# Blank Pistol ?



## taddy1340 (Dec 10, 2004)

Hey guys. What model starter pistols are you using? I'm looking to pick one up and need one that's durable. Thanks for any recommendations.

Mike


----------



## cedarsedge (Sep 21, 2006)

Go to www.gunddogsupply.com or lioncountrysupply.com they have some very good modles available there. Just make sure to get one that the cylinder doesn't free spin, it will move to empty primers instead of advancing to next primmer.

Dan


----------



## stonebroke (Dec 16, 2004)

taddy1340 said:


> Hey guys. What model starter pistols are you using? I'm looking to pick one up and need one that's durable.

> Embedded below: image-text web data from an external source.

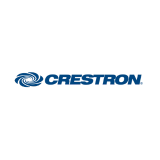 Crestron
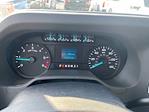 New 2025 Ford E-350 Rockport Steel Service Utility Van for sale #F4140 - photo 11
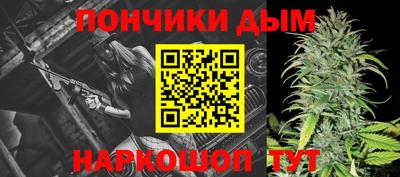 марки nbome Конаково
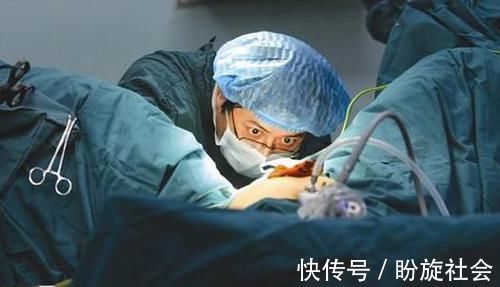 顺产|顺产遇上男护士“刮毛”,产妈想让丈夫来做,却遭医生一通痛批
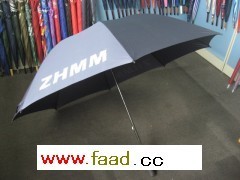 南寧定做廣告禮品傘、汽車禮品傘、珠海廣告?zhèn)愣ㄖ茝S家_傘、雨具_(dá)家居用品_供應(yīng)市場_發(fā)廣告網(wǎng)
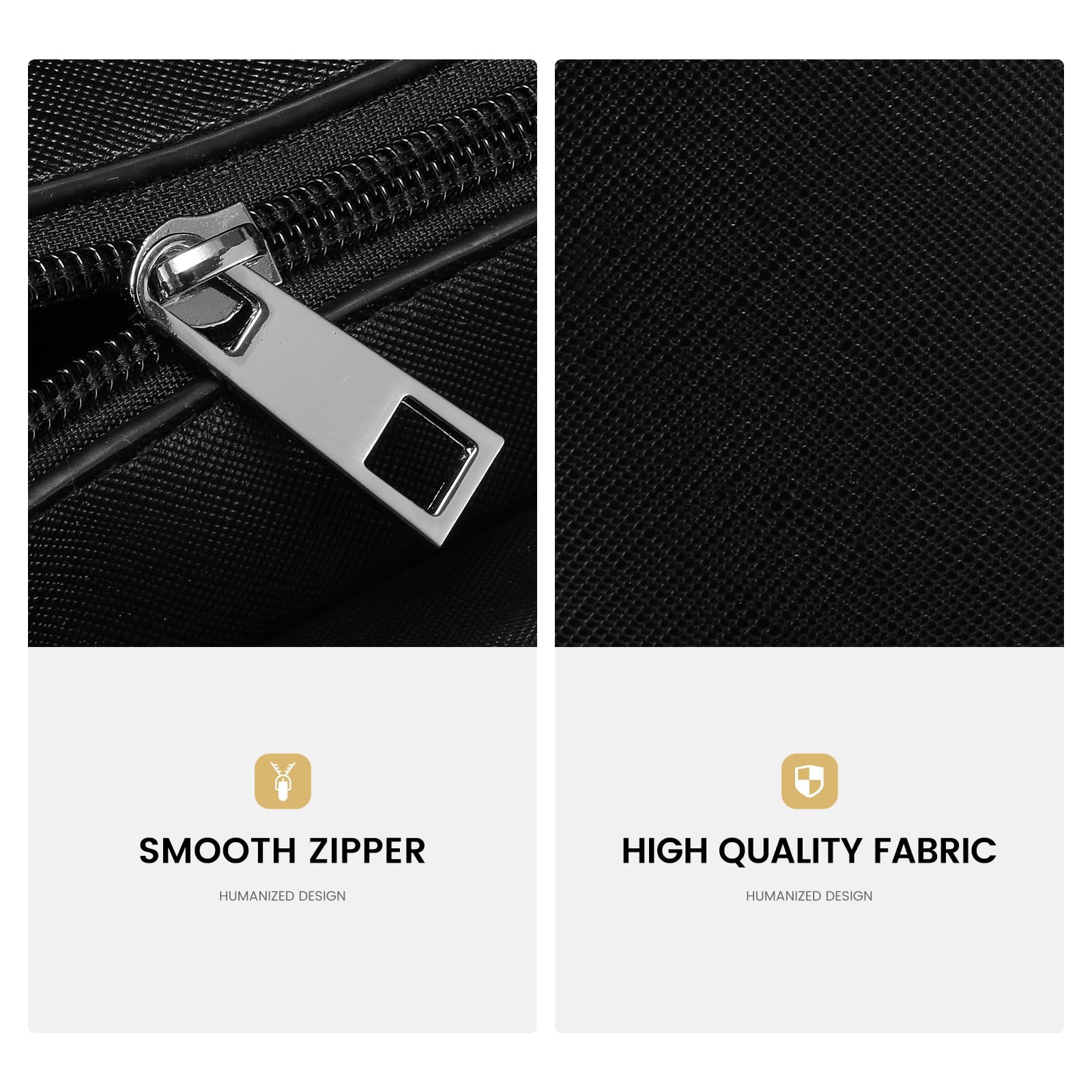 LOVEVOOK Borsa Donna Set Tracolla Spalla Borse a Mano Grande Progettista Medio Grande 3 Pezzi Tote Crossbody Clutch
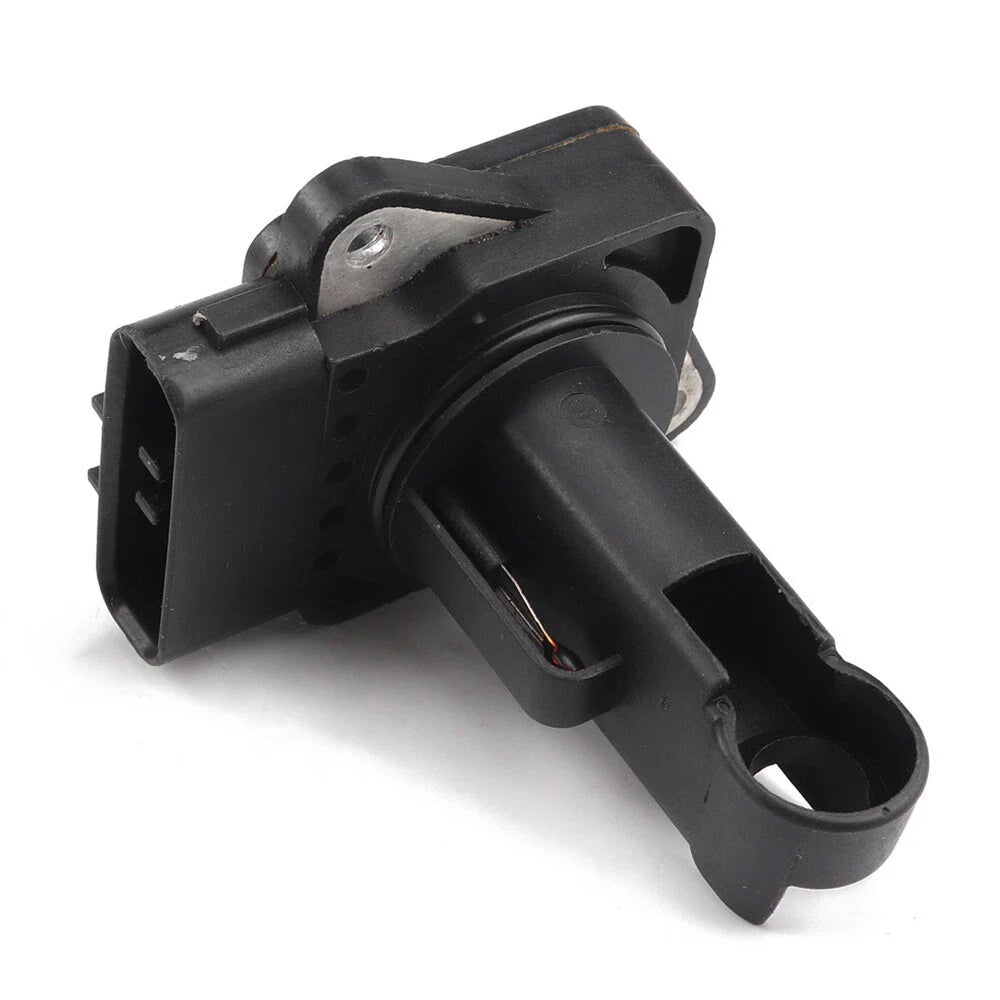 Mass Air Flow Sensor for Mazda 3 5 6 RX-8 MX-5 Protege (2004-2013)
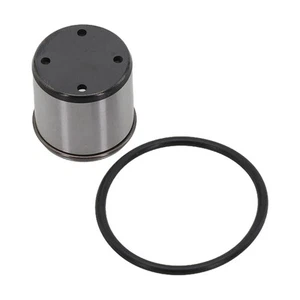 zInAYG - Zdjęcie 1 z 1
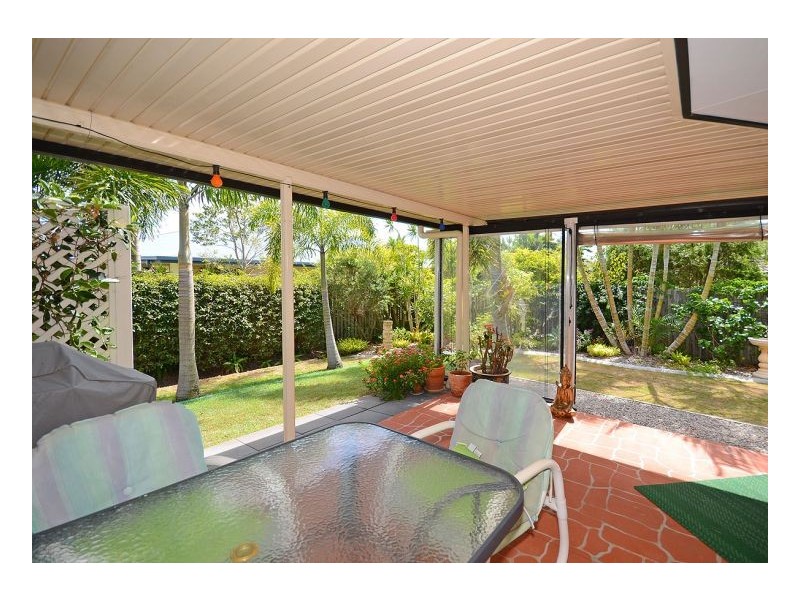 9 Blackall Court, Torquay QLD 4655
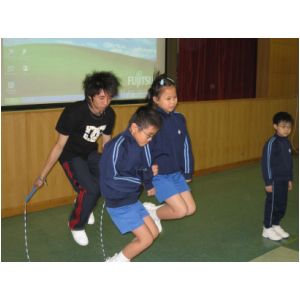 IMG_1511.JPG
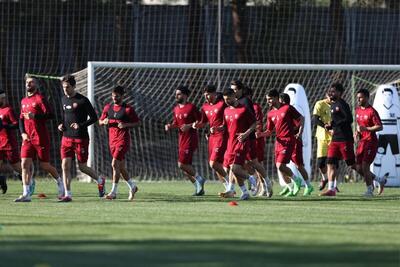 پرسپولیسی‌ها نقره‌داغ شدند؛ ۱۰ درصد قرارداد پرید!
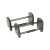 PowerBlock Sport EXP Stage 2 Kit (23 - 33 kg)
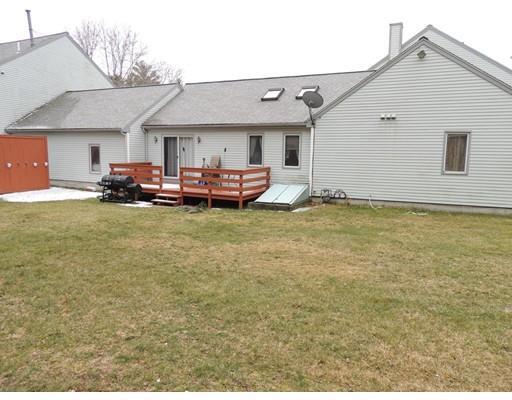 Property Photo:  663 Wareham Street 6  MA 02346 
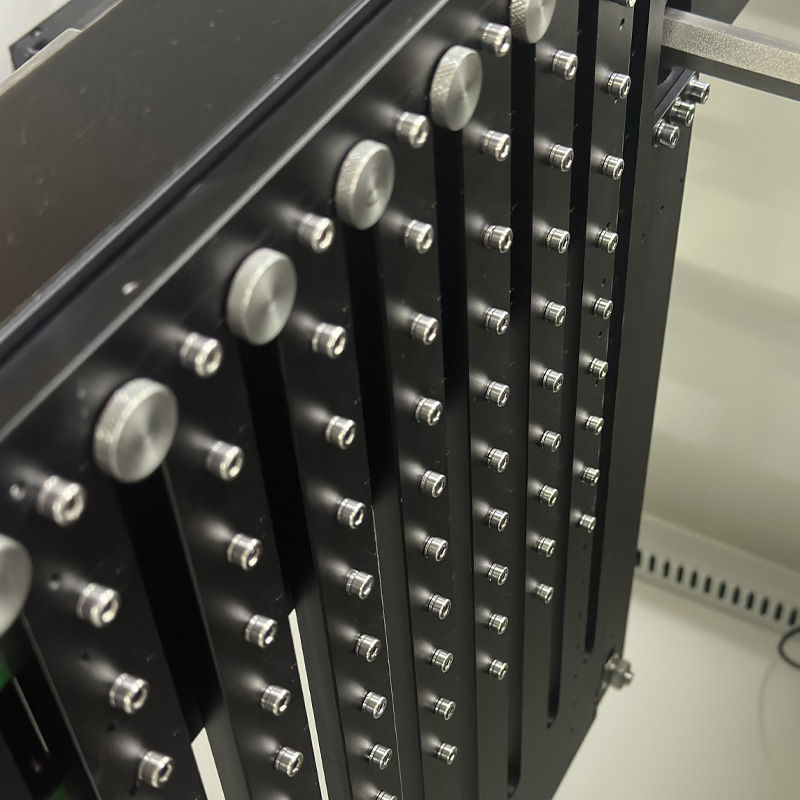 smt设备okpay钱包筛选接驳台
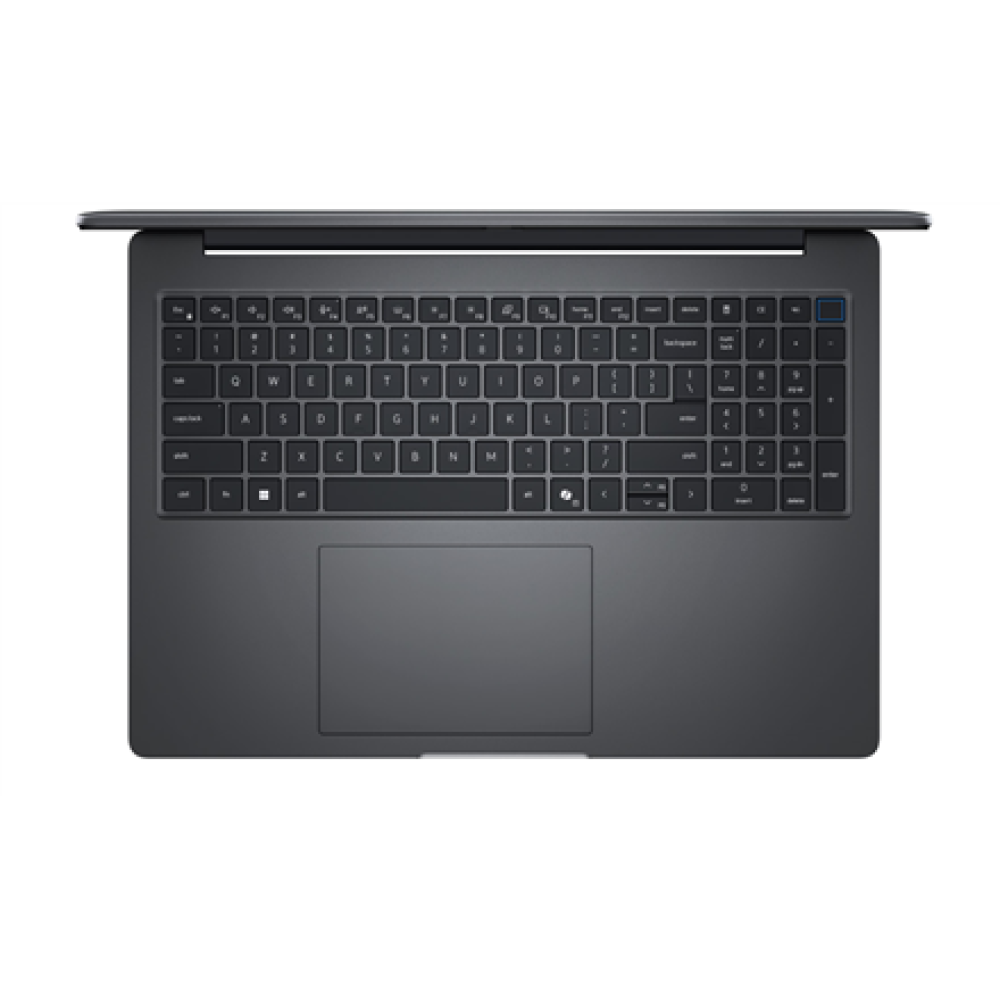 Dell Pro Precision 5 16S PW516265 , 16 , IPS , FHD+ , Anti-glare , AMD Ryzen AI 9 PRO , 465 , 32 GB , LPDDR5x , Solid-state drive capacity 512 GB , AMD Radeon Graphics , Windows 11 Pro , Keyboard language English , Keyboard backlit , Warranty 36 month(s) 
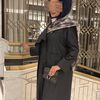 nb.abaya_kw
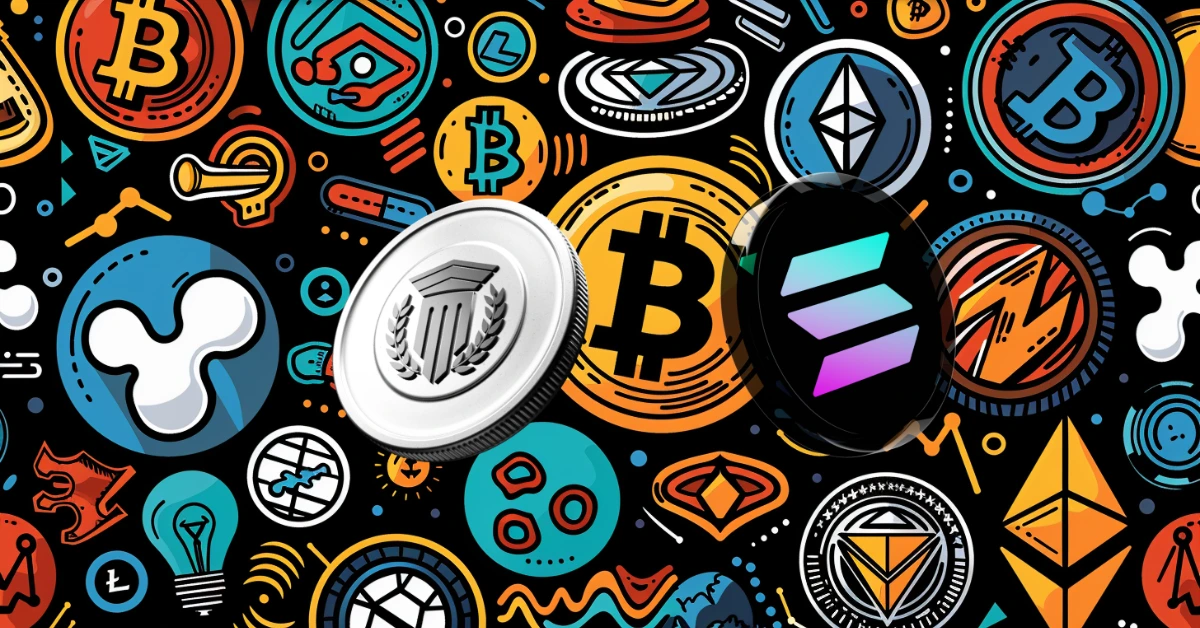 mutm-btc-sol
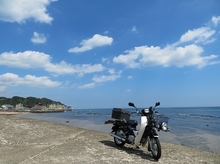 IMG_0629.jpg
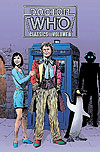 Doctor Who Classics (2008)  n° 8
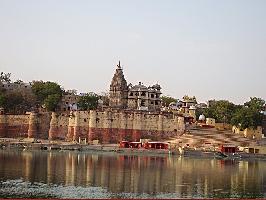 K.PATAN  4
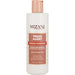 Mizani by Mizani-PRESS AGENT THERMAL SMOOTHING SHAMPOO 8.5 OZ - BigSun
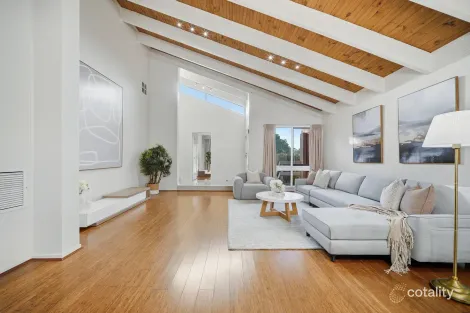 Property photo of 3 Flowerdrum Close Templestowe VIC 3106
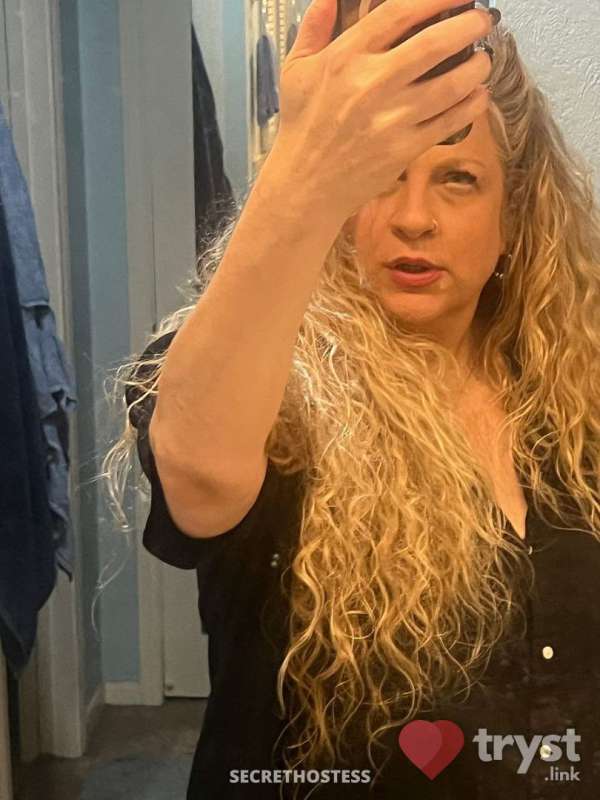 54Yrs Old Escort Size 12 176CM Tall San Antonio TX Image - 10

Thanks for any recommendations.
> 
> Mike


And don't go with the cheap ones.....they don't last... They're like most things...you get what you pay for.


----------



## CDK (Aug 1, 2005)

I've heard nothing but bad about the new ALPHA primer gun that alot of places are pushing. It seems like the only good ones are the oldies. I'm look'en for a good one too so I'll be keep'en my eye on this thread.


----------



## taddy1340 (Dec 10, 2004)

Thanks for the help fellas!


----------



## jkolson (Mar 22, 2006)

I started with a dollar store cap gun, then went to a dummy launcher.


----------